Dave's Excel Tips

Tips & Tricks on improving your working relationship with Excel

Tag Archives: MATCH

Finding the n most common entries in a list (Part 1)

I came across a problem a short while ago of how to determine the top 5 most common numbers (though in fact the data could be anything) in a range. Excel handily provides the “MODE()” function for determining the most common entry, but no more than that. Newer versions of Excel feature the “MODE.MULT” function, but this only returns multiple values that share the top spot, not the successors. Unfortunately, you can’t use the syntax of MODE(<range>,n) as you can for say LARGE()

I wanted to share this one as it provides a good example of the general process used to build a complex array formula.

The exact method for this process had eluded me for some time – I was able to come up with a basic version within a few minutes, but working round a major flaw took some thinking.

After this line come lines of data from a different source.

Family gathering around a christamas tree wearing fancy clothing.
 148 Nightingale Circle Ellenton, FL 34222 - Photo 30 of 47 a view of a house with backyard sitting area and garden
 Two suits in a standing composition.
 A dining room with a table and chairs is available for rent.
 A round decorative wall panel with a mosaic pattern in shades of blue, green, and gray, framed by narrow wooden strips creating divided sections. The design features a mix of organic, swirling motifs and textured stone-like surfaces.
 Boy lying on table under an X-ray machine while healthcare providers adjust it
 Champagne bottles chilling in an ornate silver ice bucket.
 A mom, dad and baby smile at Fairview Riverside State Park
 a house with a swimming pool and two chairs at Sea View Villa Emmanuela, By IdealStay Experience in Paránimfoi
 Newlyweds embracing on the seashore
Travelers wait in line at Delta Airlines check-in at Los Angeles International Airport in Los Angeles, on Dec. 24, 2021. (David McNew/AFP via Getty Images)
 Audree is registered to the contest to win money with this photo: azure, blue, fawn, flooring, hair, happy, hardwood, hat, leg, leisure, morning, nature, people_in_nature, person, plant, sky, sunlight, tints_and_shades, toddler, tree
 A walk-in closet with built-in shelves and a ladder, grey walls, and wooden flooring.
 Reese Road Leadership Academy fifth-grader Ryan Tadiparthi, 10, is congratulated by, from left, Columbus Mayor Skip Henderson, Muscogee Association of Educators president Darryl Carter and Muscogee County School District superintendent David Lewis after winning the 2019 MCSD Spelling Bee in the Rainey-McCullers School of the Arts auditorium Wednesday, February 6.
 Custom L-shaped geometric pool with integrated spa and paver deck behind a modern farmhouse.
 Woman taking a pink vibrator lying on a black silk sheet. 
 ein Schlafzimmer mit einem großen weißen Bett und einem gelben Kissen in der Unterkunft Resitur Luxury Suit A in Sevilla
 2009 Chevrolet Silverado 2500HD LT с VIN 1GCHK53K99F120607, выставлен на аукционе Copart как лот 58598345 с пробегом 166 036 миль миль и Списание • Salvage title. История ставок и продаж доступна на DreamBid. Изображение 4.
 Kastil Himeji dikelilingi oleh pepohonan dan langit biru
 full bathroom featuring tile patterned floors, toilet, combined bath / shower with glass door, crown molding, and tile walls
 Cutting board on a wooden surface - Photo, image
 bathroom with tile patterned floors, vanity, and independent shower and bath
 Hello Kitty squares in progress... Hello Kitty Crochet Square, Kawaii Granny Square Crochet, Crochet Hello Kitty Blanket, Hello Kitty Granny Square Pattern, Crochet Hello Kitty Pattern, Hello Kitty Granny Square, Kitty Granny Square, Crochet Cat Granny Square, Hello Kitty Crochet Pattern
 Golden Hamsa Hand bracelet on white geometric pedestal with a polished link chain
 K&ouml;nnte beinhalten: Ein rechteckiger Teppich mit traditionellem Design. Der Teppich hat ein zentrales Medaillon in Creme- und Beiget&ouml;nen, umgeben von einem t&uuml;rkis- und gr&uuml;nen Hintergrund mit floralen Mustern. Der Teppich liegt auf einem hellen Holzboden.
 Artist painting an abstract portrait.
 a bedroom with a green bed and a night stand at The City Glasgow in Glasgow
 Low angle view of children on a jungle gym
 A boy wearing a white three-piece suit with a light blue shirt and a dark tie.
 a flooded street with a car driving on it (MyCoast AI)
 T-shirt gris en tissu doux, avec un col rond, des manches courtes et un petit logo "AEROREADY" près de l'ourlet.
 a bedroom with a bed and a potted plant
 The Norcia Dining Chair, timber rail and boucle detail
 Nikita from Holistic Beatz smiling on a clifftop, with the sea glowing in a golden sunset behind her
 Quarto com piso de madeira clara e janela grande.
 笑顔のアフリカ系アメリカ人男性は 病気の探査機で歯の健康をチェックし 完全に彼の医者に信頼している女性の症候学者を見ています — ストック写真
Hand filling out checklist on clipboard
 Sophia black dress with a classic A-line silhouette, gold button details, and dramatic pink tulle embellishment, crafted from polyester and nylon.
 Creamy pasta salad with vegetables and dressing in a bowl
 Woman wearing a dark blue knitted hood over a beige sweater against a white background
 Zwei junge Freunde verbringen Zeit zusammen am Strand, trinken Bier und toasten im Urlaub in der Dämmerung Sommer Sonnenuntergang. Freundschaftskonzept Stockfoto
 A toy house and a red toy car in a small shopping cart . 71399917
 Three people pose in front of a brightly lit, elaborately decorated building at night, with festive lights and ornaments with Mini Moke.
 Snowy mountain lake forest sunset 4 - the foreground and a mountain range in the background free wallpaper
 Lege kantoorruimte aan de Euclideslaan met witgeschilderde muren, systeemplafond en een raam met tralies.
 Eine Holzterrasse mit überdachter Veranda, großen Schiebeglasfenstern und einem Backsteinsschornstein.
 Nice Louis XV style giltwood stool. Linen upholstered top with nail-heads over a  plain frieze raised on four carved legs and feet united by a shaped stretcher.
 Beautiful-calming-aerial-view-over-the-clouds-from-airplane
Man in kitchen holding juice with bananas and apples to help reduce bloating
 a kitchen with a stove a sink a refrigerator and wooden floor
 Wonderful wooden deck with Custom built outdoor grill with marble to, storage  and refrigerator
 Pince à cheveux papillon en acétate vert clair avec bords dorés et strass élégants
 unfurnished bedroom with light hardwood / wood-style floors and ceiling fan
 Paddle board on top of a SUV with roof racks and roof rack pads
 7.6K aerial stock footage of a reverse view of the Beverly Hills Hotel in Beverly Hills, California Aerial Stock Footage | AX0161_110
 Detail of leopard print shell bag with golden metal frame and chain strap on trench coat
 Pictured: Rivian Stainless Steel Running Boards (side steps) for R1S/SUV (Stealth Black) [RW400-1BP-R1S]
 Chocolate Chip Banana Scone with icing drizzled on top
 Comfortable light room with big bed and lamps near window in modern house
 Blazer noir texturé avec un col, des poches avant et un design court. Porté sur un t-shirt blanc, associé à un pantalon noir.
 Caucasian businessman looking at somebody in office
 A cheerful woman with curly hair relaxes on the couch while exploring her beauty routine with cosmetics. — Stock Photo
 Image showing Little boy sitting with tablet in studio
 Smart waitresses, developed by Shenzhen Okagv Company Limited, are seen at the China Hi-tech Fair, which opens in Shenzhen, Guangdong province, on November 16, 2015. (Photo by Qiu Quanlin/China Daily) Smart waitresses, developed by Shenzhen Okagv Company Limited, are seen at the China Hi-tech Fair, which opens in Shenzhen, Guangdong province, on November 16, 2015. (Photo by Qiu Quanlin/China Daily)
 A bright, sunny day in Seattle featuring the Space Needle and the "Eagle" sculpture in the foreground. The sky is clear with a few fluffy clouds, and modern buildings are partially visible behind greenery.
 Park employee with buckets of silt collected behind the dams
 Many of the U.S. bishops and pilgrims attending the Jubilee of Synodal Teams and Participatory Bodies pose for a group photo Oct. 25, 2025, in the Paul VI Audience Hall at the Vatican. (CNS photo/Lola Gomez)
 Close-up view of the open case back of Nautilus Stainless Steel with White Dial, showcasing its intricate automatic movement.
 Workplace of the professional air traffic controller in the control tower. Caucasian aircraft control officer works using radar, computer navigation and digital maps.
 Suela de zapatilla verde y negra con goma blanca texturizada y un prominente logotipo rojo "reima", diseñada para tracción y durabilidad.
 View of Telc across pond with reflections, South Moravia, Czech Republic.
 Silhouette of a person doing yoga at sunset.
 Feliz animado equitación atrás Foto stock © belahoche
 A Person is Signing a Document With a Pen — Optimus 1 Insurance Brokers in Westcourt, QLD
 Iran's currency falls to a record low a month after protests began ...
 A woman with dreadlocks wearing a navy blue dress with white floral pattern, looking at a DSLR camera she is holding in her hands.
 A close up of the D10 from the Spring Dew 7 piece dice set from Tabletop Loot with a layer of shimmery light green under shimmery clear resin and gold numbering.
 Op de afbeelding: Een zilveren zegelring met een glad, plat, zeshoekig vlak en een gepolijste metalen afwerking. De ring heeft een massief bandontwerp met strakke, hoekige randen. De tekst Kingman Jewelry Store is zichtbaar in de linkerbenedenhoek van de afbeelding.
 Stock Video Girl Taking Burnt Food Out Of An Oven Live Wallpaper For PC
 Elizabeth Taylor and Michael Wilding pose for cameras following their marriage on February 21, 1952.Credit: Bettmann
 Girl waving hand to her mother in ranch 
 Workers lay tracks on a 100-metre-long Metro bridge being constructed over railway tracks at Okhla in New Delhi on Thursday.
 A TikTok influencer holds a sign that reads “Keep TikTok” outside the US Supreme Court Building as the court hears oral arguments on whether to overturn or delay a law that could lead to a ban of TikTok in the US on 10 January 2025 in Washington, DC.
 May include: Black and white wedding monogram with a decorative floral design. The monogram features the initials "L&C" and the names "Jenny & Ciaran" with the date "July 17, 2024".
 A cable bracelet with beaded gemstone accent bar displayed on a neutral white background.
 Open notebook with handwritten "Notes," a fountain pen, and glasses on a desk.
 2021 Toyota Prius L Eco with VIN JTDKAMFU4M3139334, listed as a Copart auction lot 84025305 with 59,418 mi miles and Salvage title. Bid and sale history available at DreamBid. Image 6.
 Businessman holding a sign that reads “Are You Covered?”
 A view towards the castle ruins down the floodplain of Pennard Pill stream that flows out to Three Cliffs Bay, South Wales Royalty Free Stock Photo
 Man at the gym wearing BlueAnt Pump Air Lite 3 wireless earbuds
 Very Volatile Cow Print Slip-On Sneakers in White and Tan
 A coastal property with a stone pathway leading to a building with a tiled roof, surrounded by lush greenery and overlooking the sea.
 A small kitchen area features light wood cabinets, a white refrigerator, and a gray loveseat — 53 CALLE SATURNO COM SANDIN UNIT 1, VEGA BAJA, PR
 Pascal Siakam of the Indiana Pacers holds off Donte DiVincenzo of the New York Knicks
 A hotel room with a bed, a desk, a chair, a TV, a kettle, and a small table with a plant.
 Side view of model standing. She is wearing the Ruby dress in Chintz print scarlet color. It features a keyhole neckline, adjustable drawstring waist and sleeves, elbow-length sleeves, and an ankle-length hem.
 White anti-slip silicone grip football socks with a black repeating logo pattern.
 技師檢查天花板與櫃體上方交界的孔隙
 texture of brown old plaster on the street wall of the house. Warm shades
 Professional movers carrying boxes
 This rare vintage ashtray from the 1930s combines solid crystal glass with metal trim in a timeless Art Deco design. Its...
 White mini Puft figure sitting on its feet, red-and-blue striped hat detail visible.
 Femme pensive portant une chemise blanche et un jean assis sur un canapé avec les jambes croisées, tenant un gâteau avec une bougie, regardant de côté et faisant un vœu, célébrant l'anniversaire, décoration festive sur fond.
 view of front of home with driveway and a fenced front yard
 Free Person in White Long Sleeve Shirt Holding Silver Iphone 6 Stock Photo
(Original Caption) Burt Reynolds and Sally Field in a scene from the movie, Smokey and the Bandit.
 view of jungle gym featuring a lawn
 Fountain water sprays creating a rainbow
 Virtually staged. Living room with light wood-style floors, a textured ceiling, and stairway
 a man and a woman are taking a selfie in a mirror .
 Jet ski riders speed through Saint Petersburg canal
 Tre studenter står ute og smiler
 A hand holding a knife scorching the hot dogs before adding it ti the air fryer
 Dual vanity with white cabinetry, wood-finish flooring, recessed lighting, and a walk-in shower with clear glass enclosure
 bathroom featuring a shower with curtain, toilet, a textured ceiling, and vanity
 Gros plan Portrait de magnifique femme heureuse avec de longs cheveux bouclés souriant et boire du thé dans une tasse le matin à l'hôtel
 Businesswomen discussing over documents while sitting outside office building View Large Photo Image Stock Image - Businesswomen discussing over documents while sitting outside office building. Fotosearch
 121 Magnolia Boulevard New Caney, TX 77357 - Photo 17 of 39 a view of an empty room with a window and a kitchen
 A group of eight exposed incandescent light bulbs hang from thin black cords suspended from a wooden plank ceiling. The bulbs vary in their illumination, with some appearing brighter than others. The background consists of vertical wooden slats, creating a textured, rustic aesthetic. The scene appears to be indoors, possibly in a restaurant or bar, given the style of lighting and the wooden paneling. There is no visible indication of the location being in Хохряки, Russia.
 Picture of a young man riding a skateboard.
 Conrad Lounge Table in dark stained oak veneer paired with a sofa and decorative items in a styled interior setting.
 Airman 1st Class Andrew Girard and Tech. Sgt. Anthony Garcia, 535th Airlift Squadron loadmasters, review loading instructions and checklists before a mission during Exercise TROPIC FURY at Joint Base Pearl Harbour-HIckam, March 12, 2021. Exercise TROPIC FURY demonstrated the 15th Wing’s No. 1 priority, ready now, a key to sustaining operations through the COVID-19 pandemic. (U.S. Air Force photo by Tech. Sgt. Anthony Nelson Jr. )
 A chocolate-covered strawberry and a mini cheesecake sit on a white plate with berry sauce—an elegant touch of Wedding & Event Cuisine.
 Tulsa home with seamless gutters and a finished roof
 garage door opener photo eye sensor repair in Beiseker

Here’s some example data we’re going to work from:

Sample data for the problem

I’ve chosen the exact order of the numbers above to trigger some of the “gotcha”s that caused me the difficulty. The first column contains the 28 data points we’re analysing. The 2nd column is the result of the FREQUENCY function entered as an array running the input range as both the input and the bins (=FREQUENCY(A2:A29,A2:A29).)
This returns an array of the count of each entry on and only on the first time any particular value crops up. Any subsequent values return a zero. As an aside, this is the behaviour exploited for the original ‘count unique’ formula mentioned in an earlier post.

So far so good. Onto building the formula.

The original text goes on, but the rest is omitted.